In that vein, JetBlue operations should recover throughout 2021 and return to normalized operations by the end of 2022, sources said.

In the meantime, however, the company is burning roughly USD 7m of cash per day through 3Q20, which amounts to an annual burn of USD 2.5bn. This compares to a daily cash burn of USD 18m during the second half of March and USD 8m by the end of June. 

JetBlue has already implemented cost cutting measures such as suspending non-critical capex projects, discontinuing share repurchases, and reducing flying capacity. And while some labor costs could come down more, a further reduction of the company’s cash burn now largely depends on a demand uptick, the sources said.

Liquidity stockpile

As of 30 June, the company’s cash balance stood at USD 3.1bn and had zero available on borrowing facilities. Since June, the company has raised more than USD 2bn in additional liquidity, including EETCs, a USD 750m senior secured term loan and sale leaseback transactions. 

And earlier in the year, the company received USD 935m for payroll support from the government and a USD 1bn 364-day delayed draw term loan. Roughly USD 800m of the USD 1bn 364-day term loan has been repaid. 

By the end of 2020, JetBlue’s liquidity will shake out to roughly USD 4.5bn through USD 3.5bn of cash and USD 1bn of availability across its facilities at the end of 2020.
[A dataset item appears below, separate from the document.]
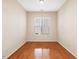 Cozy bedroom with a large window and hardwood floors, offering natural light and a warm atmosphere at 5910 Lacebark Ln, Durham, NC 27713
In a normal operating environment, the company should generate around USD 140m of free cash flow (3.7% of total debt) through USD 1.5bn of normalized EBITDAR, USD 1.2bn of capex and roughly USD 160m of interest expense.
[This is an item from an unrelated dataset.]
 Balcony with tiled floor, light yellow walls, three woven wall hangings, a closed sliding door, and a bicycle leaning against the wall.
Notwithstanding the thin free cash flow margins, JetBlue’s longer-dated maturity schedule allows for additional balance sheet flexibility, sources noted.

Flying above a safety net

On 29 September, JetBlue, along with fellow airliners Alaska AirlinesAmerican AirlinesFrontier AirlinesHawaiian AirlinesSkyWest Airlines and United Airlines, entered into CARES Act loan agreements with the US Treasury. 

JetBlue’s allocation is a USD 1.14bn Libor+ 275bps loan due 2025. The company has drawn USD 115m under the loan and is eligible to draw the remainder until March 2021. 

The loan is secured by a mix of aircraft collateral, loyalty program assets, intellectual property and certain accounts. The company may also pledge additional spare parts, slots, gates and routes, additional aircraft, property, ground support equipment flight simulators and equity interests. 

On 30 September, JetBlue also received USD 27.1m in additional payroll support from the government. 

Some investors were surprised that JetBlue tapped the CARES Act loan but noted the comparative terms of the deal were highly attractive, given the company’s mounting net debt balance and thin free cash flow margins even in normal times. “Their access to liquidity is much better through this government loan as far as terms go because they won’t be able to get these terms in the high yield market,” one of the sources said.

Should JetBlue require additional cash in the near term, however, the CARES Act loan restricts its capacity to issue pari passu debt, the sources said. That could push JetBlue into the high yield or leveraged loan market to pay back the government loan or raise liquidity.

On a relative value basis, sources placed JetBlue (Ba2/B+) as a safer bet than American (B2/B-) and United (Ba1/B+), but still below Delta Air Lines (Baa3/BB) and Southwest Airlines (Baa1/BBB) because of the size and reach of both airlines. Sources said JetBlue was slightly above Spirit Airlines (B1/B) because of its size and focus on leisure flying. 

JetBlue’s USD 581m 2.75% EETC notes due 2032 traded at 97.75 to yield 2.95% on 1 October from trades at 95.6 to yield 3.151% on 14 August, according to MarketAxess. The USD 172m 7.75% EETC notes due 2028 last traded yesterday (7 October) at 104.75 to yield 7%, in line with recent trades. 

The USD 750m Libor+525bps term loan due 2024 is quoted in the 99.583/100.125 context today, up slightly from quotes at 99.146/99.729 on 29 September, but down slightly from quotes in early September at 100/100.667, according to Markit. 

Spirit’s USD 850m 8% senior secured notes due 2025 last traded today at 107.082 to yield 5.966%, up from trades last week at 105 to yield 6.557%, according to MarketAxess. 

JetBlue did not respond to a request for comment.